## Aim of the exercise
Reproduce exactly, and only, the lines of the material below running from the line bearing "Snapshot of Luci_Amore" through the line bearing "Fra flere plasser". Leave any pictures out.

## Records shown
============================================================

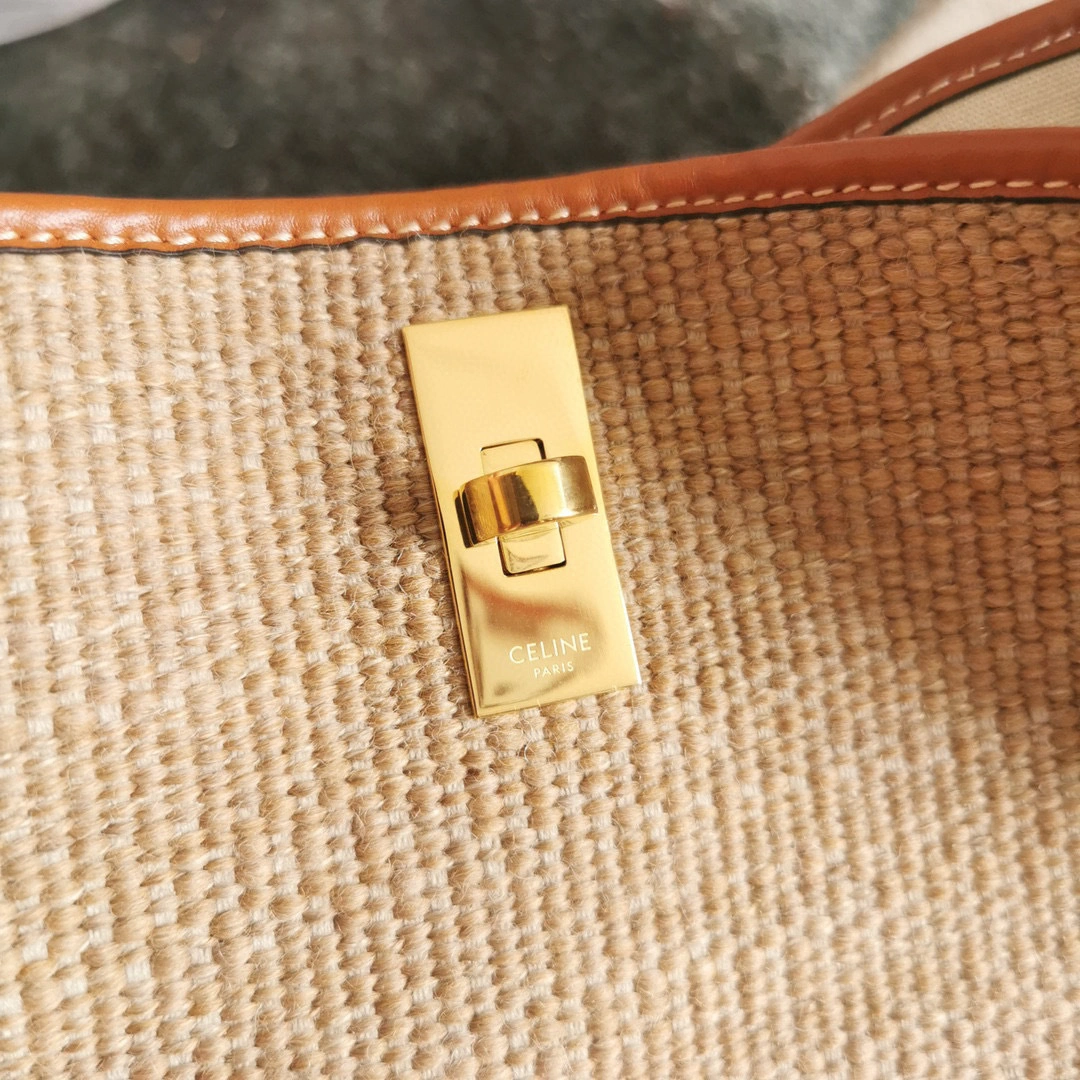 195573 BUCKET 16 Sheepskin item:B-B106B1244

============================================================

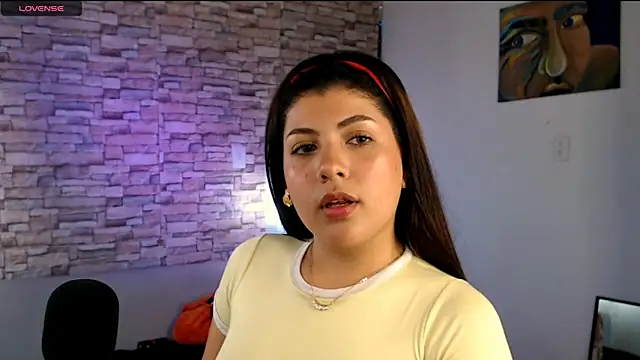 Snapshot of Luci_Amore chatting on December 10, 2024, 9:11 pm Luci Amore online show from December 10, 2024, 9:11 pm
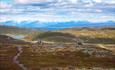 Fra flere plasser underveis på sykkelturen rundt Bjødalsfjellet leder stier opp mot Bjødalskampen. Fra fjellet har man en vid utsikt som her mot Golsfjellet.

============================================================

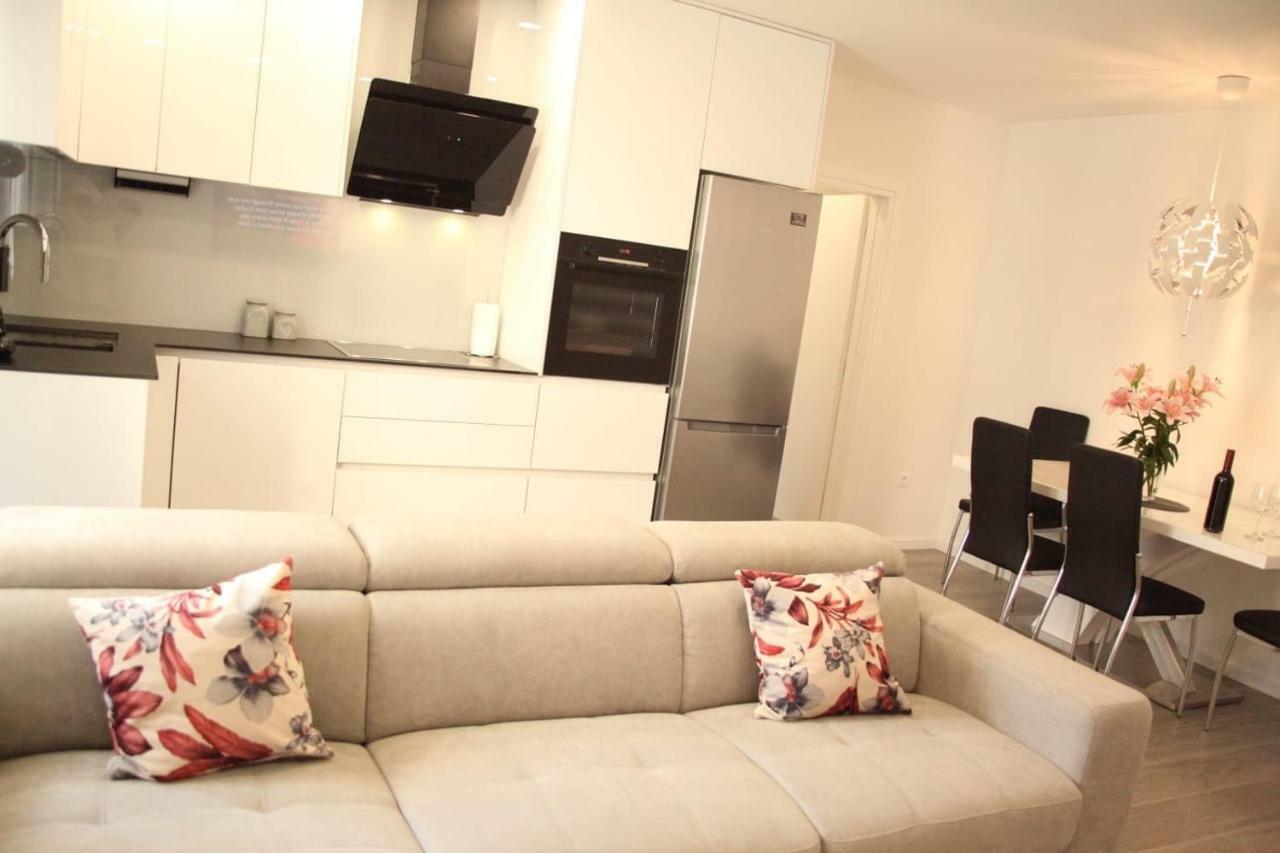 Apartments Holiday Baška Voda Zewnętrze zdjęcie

============================================================

## Answer to the problem
 Snapshot of Luci_Amore chatting on December 10, 2024, 9:11 pm Luci Amore online show from December 10, 2024, 9:11 pm
 Fra flere plasser underveis på sykkelturen rundt Bjødalsfjellet leder stier opp mot Bjødalskampen. Fra fjellet har man en vid utsikt som her mot Golsfjellet.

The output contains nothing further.